• [Exercise]: Write out, with no changes, every line starting at the one that contains "I hope you found" and ending at the last line of the data below. Leave pictures out.

• [Provided material]:
----

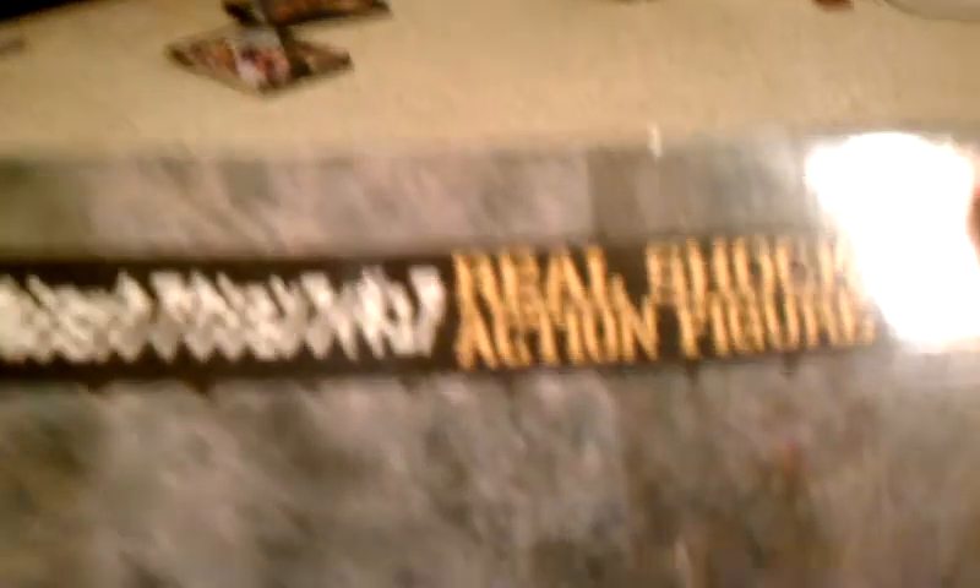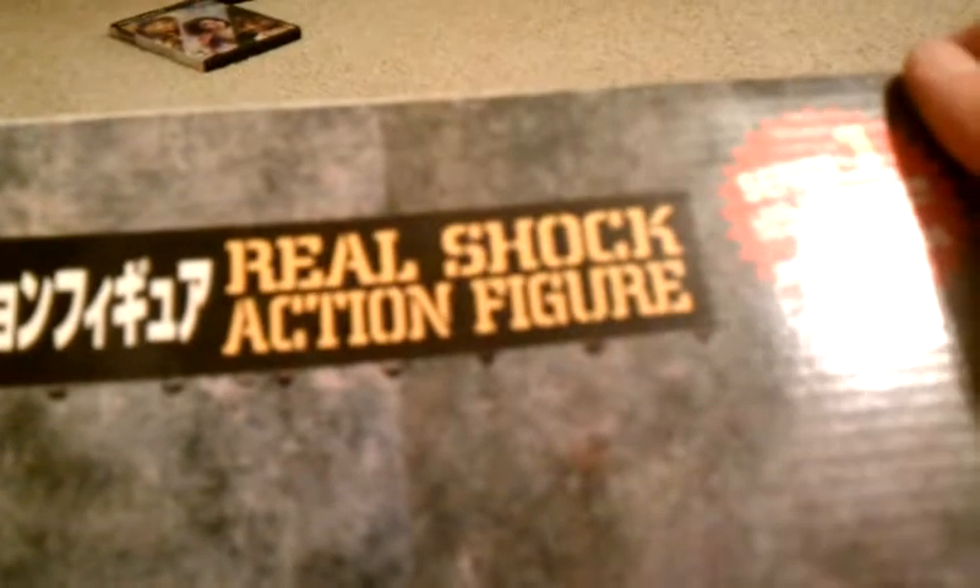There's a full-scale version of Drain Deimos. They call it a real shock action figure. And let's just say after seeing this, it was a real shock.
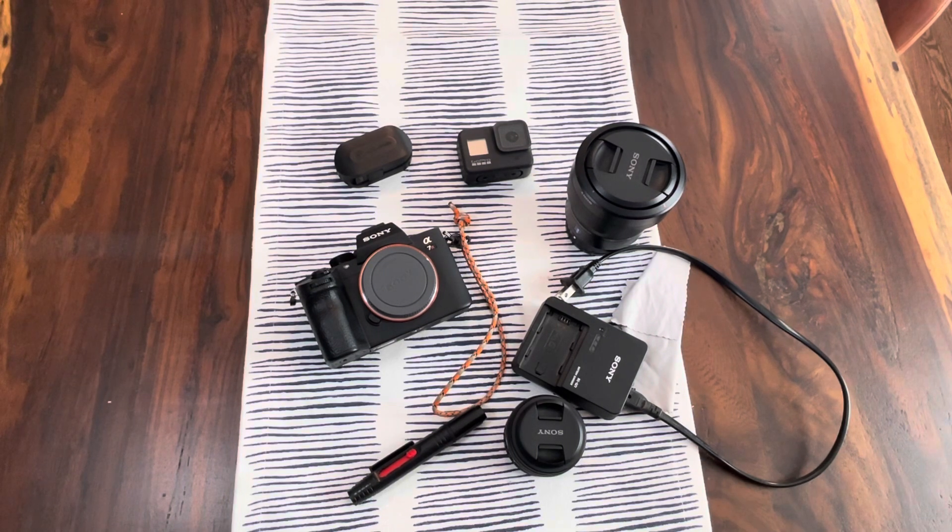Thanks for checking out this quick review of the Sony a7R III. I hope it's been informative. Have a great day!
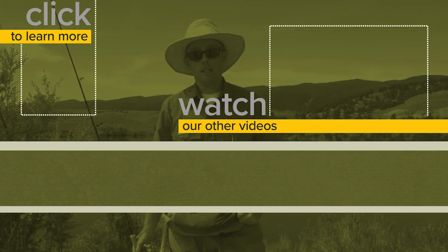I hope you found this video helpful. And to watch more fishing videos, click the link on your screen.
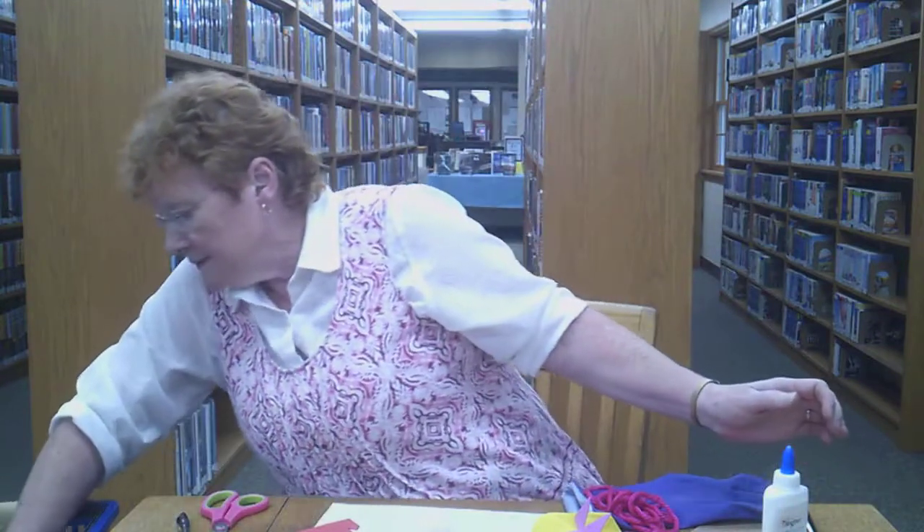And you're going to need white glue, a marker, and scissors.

----

• [Written response]:
I hope you found this video helpful. And to watch more fishing videos, click the link on your screen.
And you're going to need white glue, a marker, and scissors.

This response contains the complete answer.